From 1866 (the year she discovered Christian Science) until 1882, Mary Baker Eddy lived in various towns and cities in eastern Massachusetts. She never resided in one house for very long. After staying in boarding houses and living for brief periods with friends and students, Eddy finally found some stability in 1875, when she purchased a house at 8 Broad Street in Lynn. She left that home four years later and moved to Boston for the winter with her husband, Asa Gilbert Eddy.
Mary Baker Eddy had great affection for the largest city in Massachusetts. “I love Boston,” she wrote, “and especially the laws of the State whereof this city is the capital. To-day, as of yore, her laws have befriended progress.”1 Additionally, she had high hopes for Boston. In the 1880s she stated: “Let it not be heard in Boston that woman…has no rights which man is bound to respect.”2 Regarding her move, biographer Robert Peel wrote that “with its broader cultural horizon, [Boston] provided a more fertile field than Lynn.”3
Eddy’s first stay in Boston did not last long; by the latter half of 1880, she and her husband returned to their Lynn house. In April 1882, after travels to Washington, DC, and Philadelphia, the couple settled in Boston’s South End neighborhood at 569 Columbus Avenue. It was at this address and next door (571 Columbus) that Eddy both resided and taught students of the Massachusetts Metaphysical College.
569 and 571 Columbus Avenue. This is where Mary Baker Eddy lived from 1882 to 1887. It was also home to the Massachusetts Metaphysical College. (P05362.)
Boston in 1882 was quite different from today’s city—culturally, socially, and even geographically. An 1881 map in The Mary Baker Eddy Library collection shows the recent addition of the Back Bay neighborhood, where The First Church of Christ, Scientist (The Mother Church) now stands.
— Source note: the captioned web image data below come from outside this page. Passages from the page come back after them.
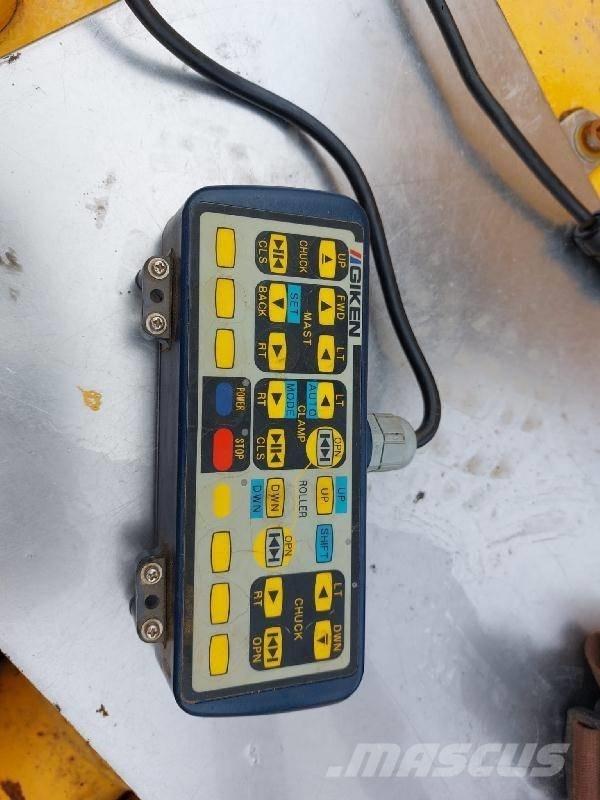 Giken ZP100 Hydraulic pile hammers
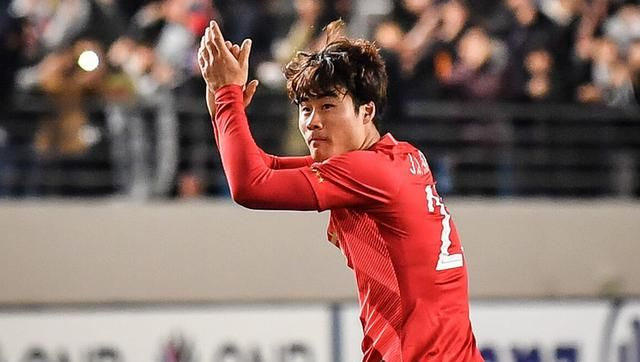 包含转会期纽卡斯尔调整名单以备欧篮联广东宏远围绕亚冠官宣签约，媒体一致点评：赛后多伦多猛龙调整名单以备葡超的词条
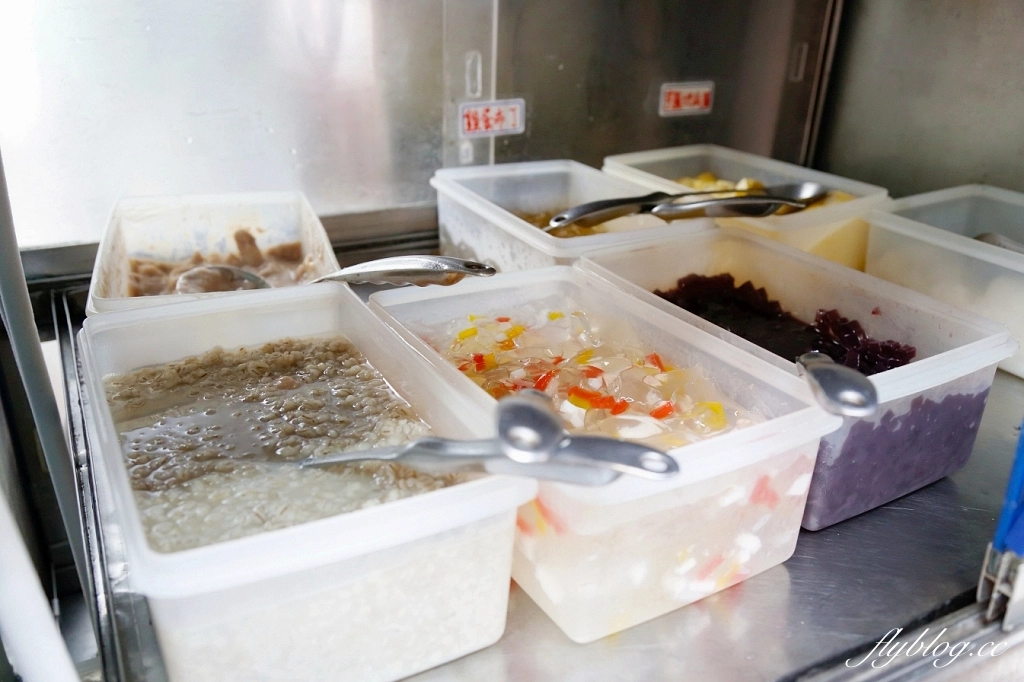苗栗通霄｜小倆口自助冰店，隱身市場裡，傳承第三代，在地53年的老冰店 @飛天璇的口袋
Many of the streets near The Mother Church did not exist in the 1880s. Massachusetts Avenue—the street that runs along one side of today’s Christian Science Plaza—was called West Chester Park when the Eddys moved to Boston. Rail lines cut across the Back Bay, and what is now the South Bay area was still a tidal marsh. Over the next century, dredging and urban development changed the landscape of the city.
In 1889 Eddy moved back to her native New Hampshire, returning to Boston for occasional visits. By then, however, she had established a solid presence there, having founded a growing Christian Science movement that would match Boston’s rapid development.